Le deuxième mandat de Trump

A moins d’un revirement de situation inattendu – i.e., Biden cède sa place et les Démocrates se rallient e un(e) candidat(e) – on s’aligne vers un autre quatre ans avec Donald J. Trump à la tête de la plus grande puissance mondiale. En 2016, on pouvait penser – s’illusionner, réellement – qu’il allait changer pour le mieux, qu’il allait agir pour les intérêts de la nation américaine. Après avoir vu le chaos qu’il a semé durant ses quatre années au pouvoir, il n’y a plus aucun doute possible: les seuls intérêts qui comptent sont les siens.
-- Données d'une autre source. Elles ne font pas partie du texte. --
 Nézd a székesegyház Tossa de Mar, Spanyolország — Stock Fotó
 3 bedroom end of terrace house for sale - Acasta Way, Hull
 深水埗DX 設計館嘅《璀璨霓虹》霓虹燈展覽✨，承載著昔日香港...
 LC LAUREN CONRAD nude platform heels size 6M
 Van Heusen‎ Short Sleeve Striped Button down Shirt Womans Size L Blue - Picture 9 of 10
Comment Trump perçoit l’Amérique

Avant de s’avancer sur les politiques éventuelles de Trump, il est bon de considérer comment il perçoit les États-Unis d’aujourd’hui. Selon son site web, la liberté d’expression n’est plus autorisée, la criminalité est plus répandue que jamais et les terroristes envahissent la frontière sud. La nation américaine serait même hostile à la liberté, à l’indépendance et à la foi.

Internationalement, il croit que Biden a permis à la Russie d’envahir l’Ukraine, la Chine de menacer Taïwan et l’Iran de construire une arme nucléaire. Toutes ces menaces étaient présentes lors de sa propre présidence, mais évidemment il n’en dit pas un mot.
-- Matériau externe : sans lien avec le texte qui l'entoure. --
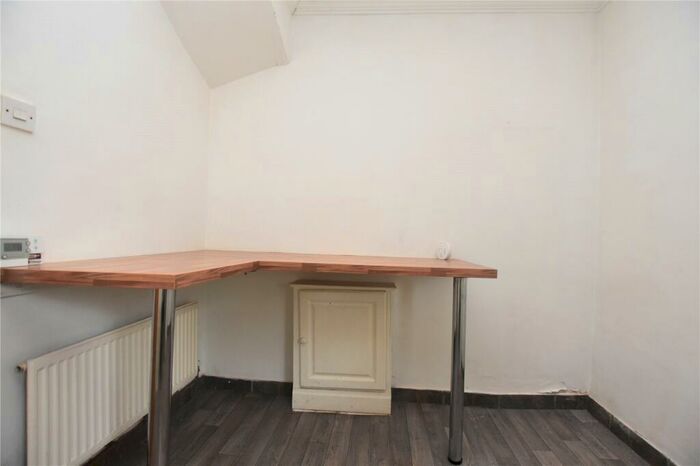 3 Bedroom Terraced House For Sale In Windsor Terrace, Gildersome, Morley, Leeds, LS27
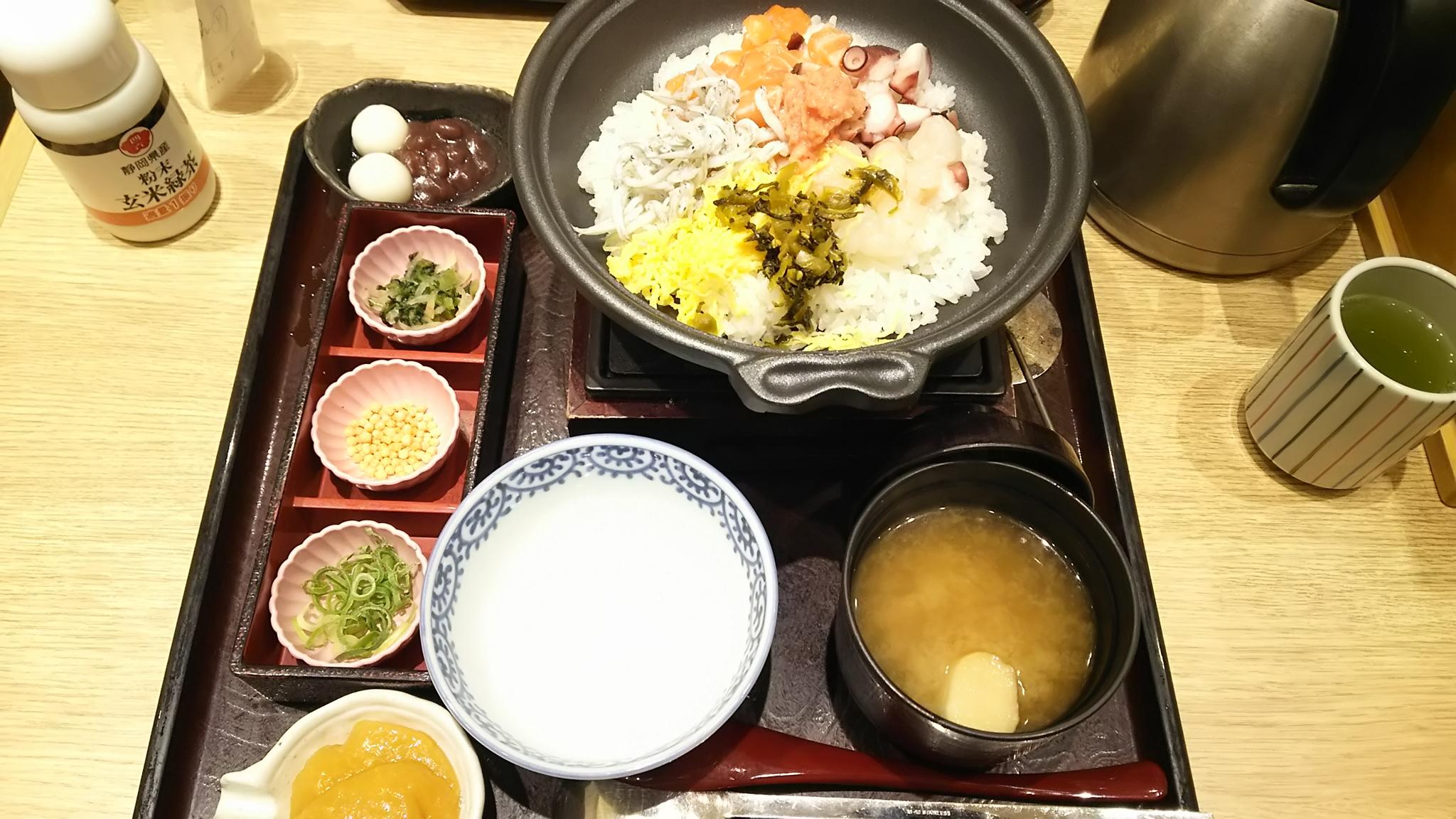 おひつごはん四六時中 モレラ岐阜店のレポート写真1（める）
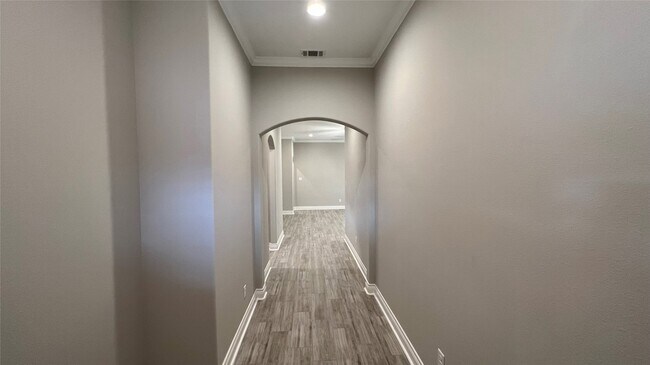 Foto del edificio - 906 Hardaway Ln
Selon Trump, le gouvernement « corrompu » (ses mots) a détruit le pays. C’est une vision pour le moins pessimiste de l’Amérique, jamais exprimée comme tel par un président ou un candidat à la présidence, dans toute l’histoire de la nation.
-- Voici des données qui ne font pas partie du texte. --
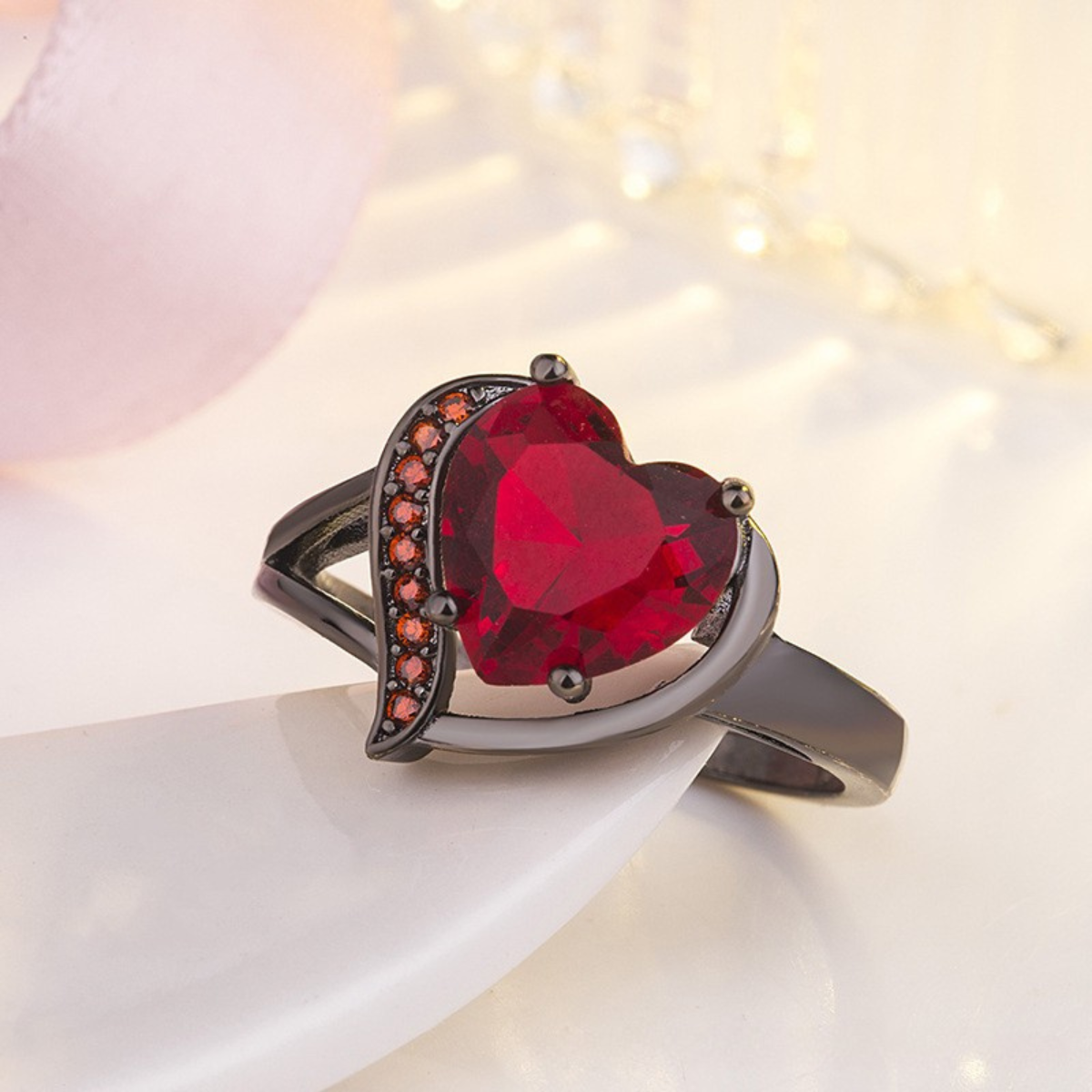 Calindra Rosethorne Ring | Sort Finish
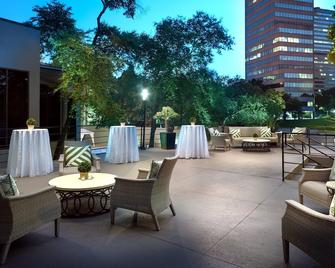 Omni Houston Hotel - Houston - Patio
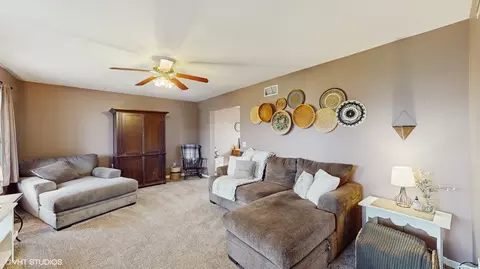 5708 Cobblestone Trl, Mchenry, IL 60050 photo 6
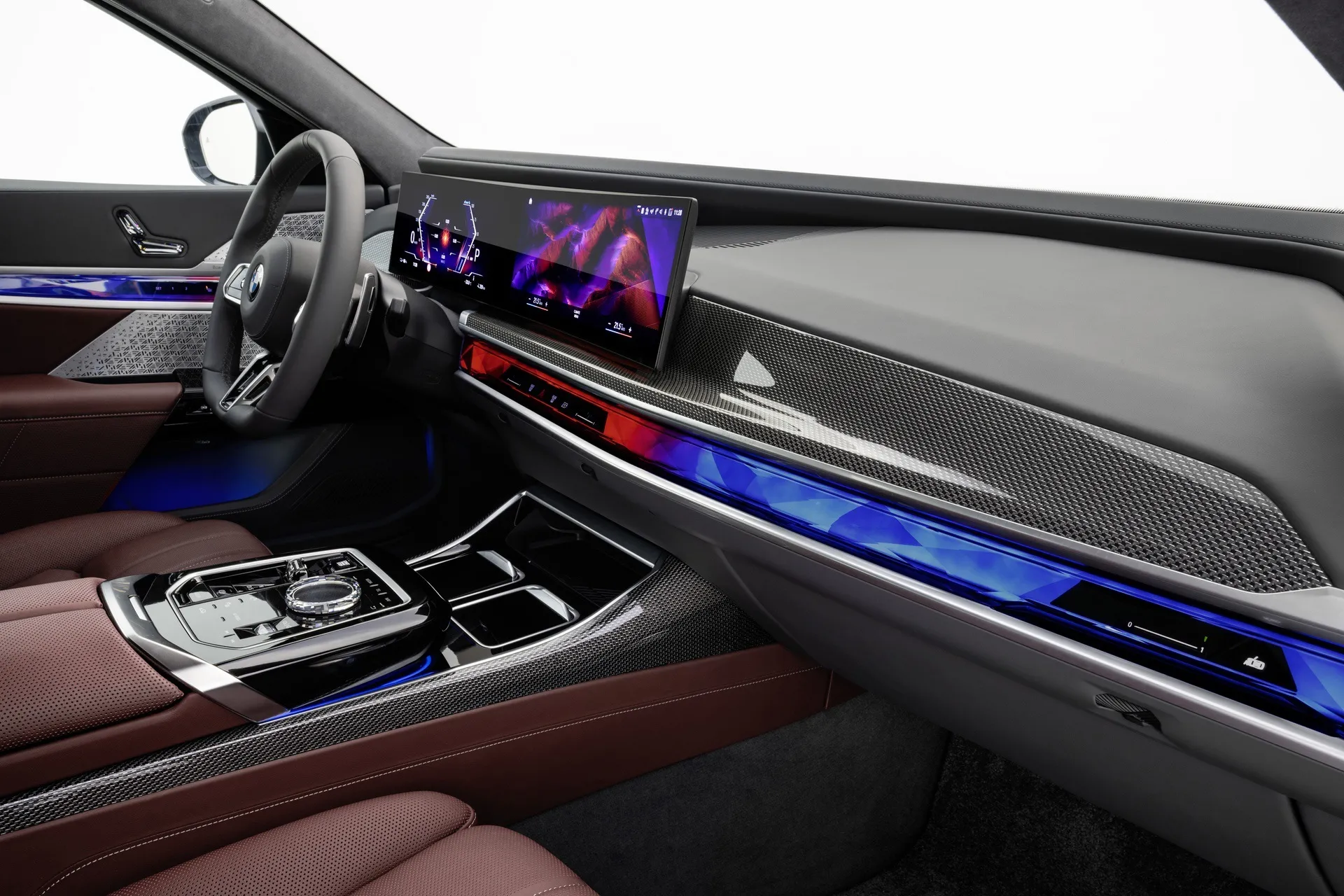 BMW: Phần mềm tạo nên sức hấp dẫn của ô tô hiện đại, chứ không phải động cơ - 1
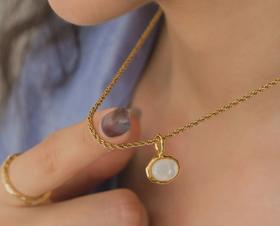 像是古董珠宝独有的复古韵味～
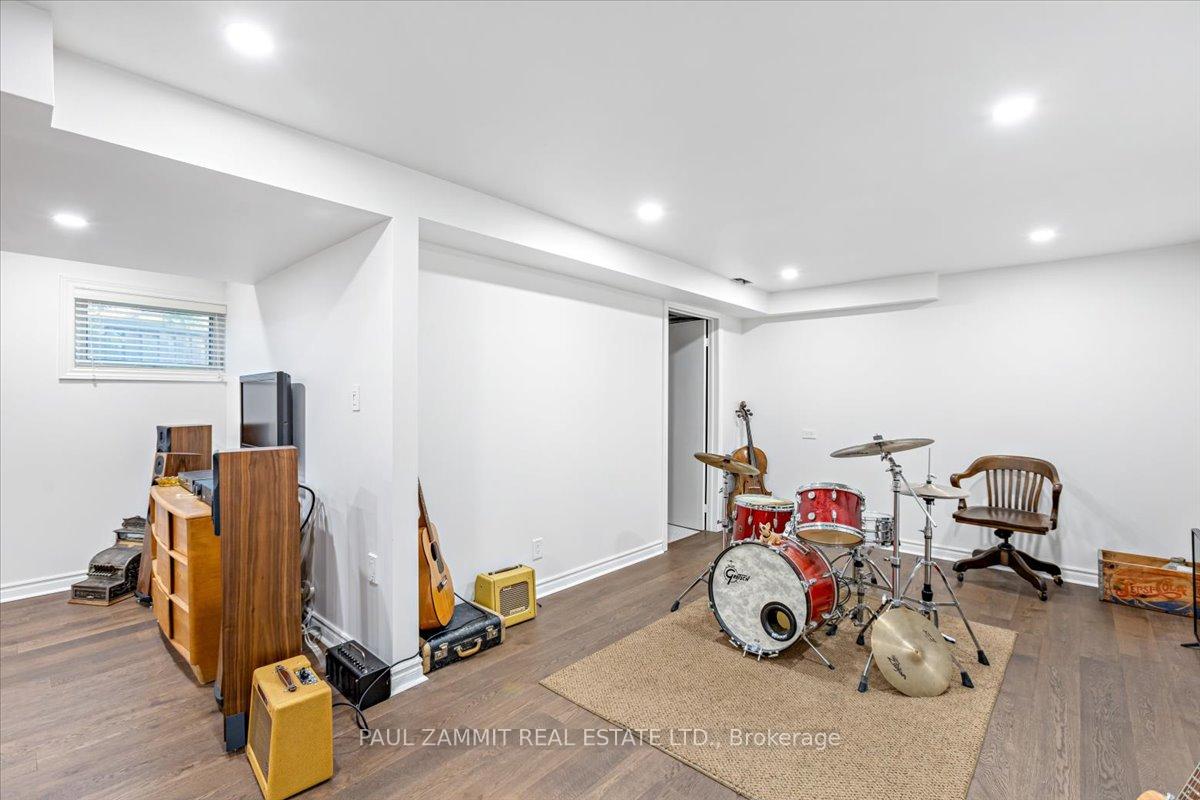 Photo 28 of 43 Mckelvey Drive, Markham, Aileen-Willowbrook — HOMEH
En réalité, ce qu’il constate et déplore, c’est le recul de la suprématie de l’homme blanc en Amérique. Lui, et plusieurs de ses constituants, ne tolèrent simplement pas que les femmes, les noirs, les hispaniques et les LGBTQ+ prennent plus de place dans la société.

Que voudra donc faire Trump pour remédier à ces prétendus problèmes? Quel est son agenda, caché ou avoué? Que va-t-il faire pour « rendre à l’Amérique sa grandeur » (« Make America Great Again »)? Si on se fie à son premier mandat et à ses énoncés politiques, on peut envisager ce qui suit.

Utiliser les organes de l’état à ses fins

Pour un homme qui s’inquiète à un tel point de l’état de sa nation, il y a fort à parier que l’un de ses premiers gestes en fonction sera de s’attaquer à ses adversaires politiques. Il a menacé plusieurs fois, sur son réseau Truth Social, d’utiliser les pouvoirs de l’état pour enquêter sur la présidence de Biden, pour l’inculper, lui faire subir des raids du FBI et même l’envoyer en prison. Ses menaces se sont étendues à des sénateurs, des juges et des membres de la famille Biden. En gros, Trump va utiliser le département de la justice pour une vendetta personnelle; c’est dans le playbook de tout bon dictateur. Tout ceci est contraire à la conviction profonde que la loi n’est pas un instrument à des fins partisanes.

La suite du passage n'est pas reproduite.